### Task requirements
Given the listing below, write out exactly the lines starting with the line that has "Students pledged to" and going on through the line that has "Indian Diaspora Welcomes PM Modi in Paris", both kept.

### Data for this exercise
((
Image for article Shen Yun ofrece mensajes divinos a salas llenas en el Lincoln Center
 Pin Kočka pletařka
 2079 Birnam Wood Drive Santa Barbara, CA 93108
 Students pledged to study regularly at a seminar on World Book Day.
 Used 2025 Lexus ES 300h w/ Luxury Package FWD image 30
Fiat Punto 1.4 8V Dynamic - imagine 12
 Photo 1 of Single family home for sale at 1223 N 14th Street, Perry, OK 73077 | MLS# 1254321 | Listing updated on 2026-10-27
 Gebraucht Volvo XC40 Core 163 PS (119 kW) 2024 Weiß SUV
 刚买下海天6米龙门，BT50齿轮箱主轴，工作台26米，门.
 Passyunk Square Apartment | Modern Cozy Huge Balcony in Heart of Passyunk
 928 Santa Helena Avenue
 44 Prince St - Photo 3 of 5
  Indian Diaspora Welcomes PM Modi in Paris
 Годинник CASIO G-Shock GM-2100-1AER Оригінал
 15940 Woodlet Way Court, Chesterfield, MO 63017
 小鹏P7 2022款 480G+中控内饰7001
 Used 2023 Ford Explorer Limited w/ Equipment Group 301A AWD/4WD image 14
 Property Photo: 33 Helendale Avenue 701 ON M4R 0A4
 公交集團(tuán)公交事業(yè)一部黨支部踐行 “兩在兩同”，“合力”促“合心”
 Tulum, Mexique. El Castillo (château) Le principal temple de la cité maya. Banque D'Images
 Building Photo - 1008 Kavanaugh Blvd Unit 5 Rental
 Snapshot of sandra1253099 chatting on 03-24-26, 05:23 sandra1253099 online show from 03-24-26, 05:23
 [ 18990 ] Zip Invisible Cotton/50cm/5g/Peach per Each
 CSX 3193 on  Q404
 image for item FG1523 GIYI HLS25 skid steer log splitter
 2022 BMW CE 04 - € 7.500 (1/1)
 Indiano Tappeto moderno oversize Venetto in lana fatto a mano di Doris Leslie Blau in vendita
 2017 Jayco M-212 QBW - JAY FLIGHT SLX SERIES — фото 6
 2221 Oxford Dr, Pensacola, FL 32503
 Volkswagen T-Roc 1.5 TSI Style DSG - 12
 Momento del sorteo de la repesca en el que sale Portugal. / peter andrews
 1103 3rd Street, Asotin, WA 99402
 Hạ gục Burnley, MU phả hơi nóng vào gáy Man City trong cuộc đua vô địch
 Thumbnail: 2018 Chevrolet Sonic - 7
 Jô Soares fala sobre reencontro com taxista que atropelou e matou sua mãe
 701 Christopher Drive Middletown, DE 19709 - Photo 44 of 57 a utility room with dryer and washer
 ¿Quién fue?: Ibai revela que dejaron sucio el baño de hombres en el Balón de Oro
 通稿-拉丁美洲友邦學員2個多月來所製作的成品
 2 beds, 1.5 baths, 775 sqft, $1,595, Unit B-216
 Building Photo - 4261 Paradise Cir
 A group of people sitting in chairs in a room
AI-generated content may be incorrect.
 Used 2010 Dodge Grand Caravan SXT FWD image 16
))
### Task solution
 Students pledged to study regularly at a seminar on World Book Day.
 Used 2025 Lexus ES 300h w/ Luxury Package FWD image 30
Fiat Punto 1.4 8V Dynamic - imagine 12
 Photo 1 of Single family home for sale at 1223 N 14th Street, Perry, OK 73077 | MLS# 1254321 | Listing updated on 2026-10-27
 Gebraucht Volvo XC40 Core 163 PS (119 kW) 2024 Weiß SUV
 刚买下海天6米龙门，BT50齿轮箱主轴，工作台26米，门.
 Passyunk Square Apartment | Modern Cozy Huge Balcony in Heart of Passyunk
 928 Santa Helena Avenue
 44 Prince St - Photo 3 of 5
  Indian Diaspora Welcomes PM Modi in Paris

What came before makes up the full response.